> Action item
Exact copy, no pictures: return only the lines below from the line with "Lambdasonde RIDEX 3922L0246" up to and including the line with "Quaint brick pathway".

> Data for this task
* * * *

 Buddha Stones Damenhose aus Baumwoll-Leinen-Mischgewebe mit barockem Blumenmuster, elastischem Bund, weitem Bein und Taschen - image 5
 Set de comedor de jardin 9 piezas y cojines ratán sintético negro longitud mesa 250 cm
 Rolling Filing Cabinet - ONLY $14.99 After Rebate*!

* * * *

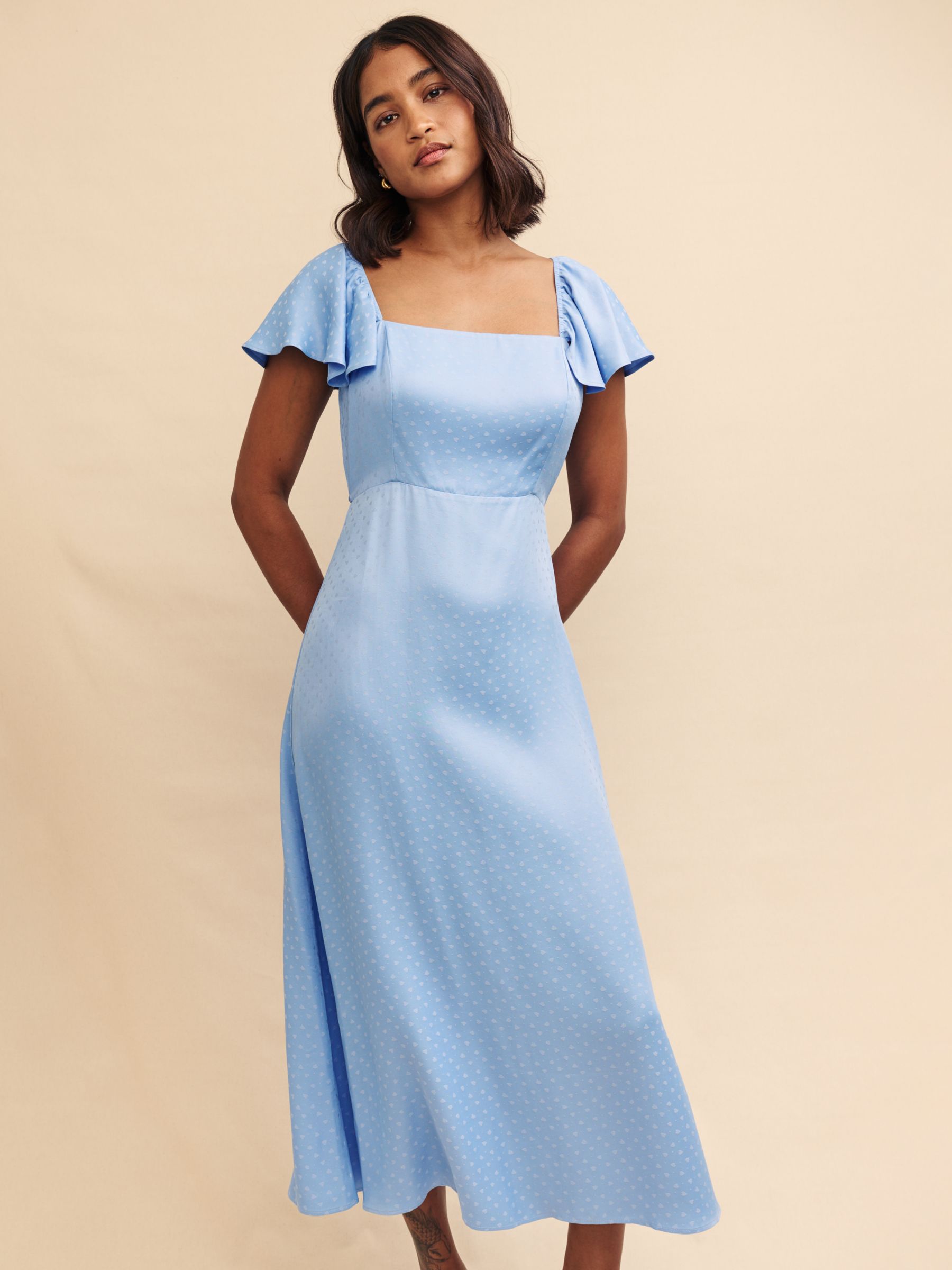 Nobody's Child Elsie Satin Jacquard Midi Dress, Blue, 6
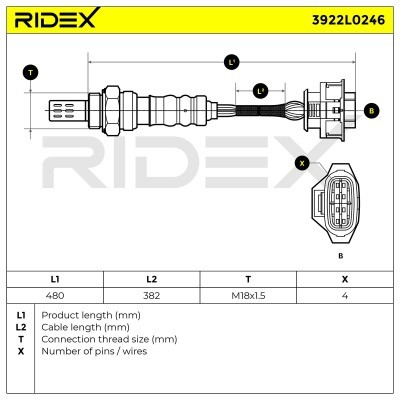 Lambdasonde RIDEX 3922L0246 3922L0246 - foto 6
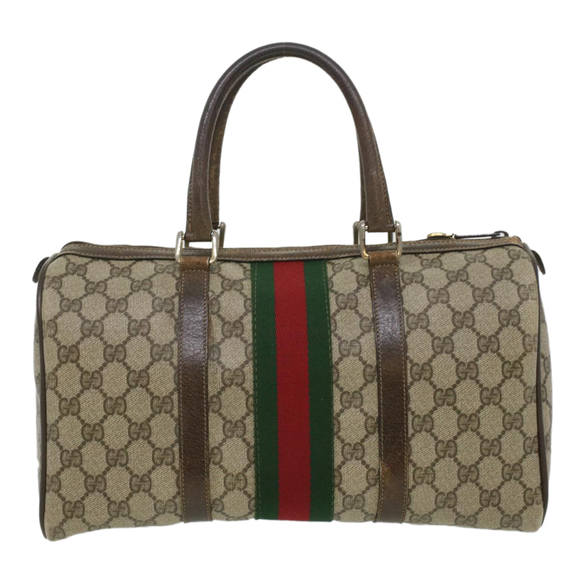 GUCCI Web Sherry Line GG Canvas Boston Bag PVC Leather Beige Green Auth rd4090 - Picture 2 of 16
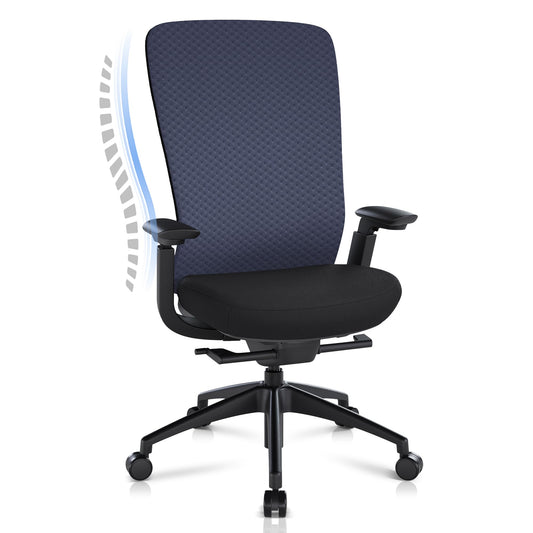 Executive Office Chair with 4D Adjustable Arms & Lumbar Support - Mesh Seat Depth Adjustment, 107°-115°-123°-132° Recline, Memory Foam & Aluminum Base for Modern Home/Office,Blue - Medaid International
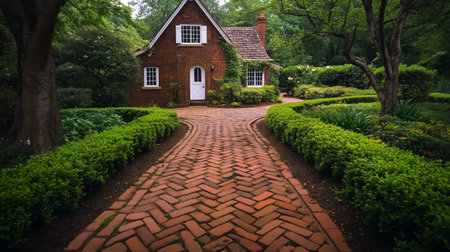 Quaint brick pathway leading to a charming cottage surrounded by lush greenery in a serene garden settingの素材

* * * *

> The answer
 Lambdasonde RIDEX 3922L0246 3922L0246 - foto 6
 GUCCI Web Sherry Line GG Canvas Boston Bag PVC Leather Beige Green Auth rd4090 - Picture 2 of 16
 Executive Office Chair with 4D Adjustable Arms & Lumbar Support - Mesh Seat Depth Adjustment, 107°-115°-123°-132° Recline, Memory Foam & Aluminum Base for Modern Home/Office,Blue - Medaid International
 Quaint brick pathway leading to a charming cottage surrounded by lush greenery in a serene garden settingの素材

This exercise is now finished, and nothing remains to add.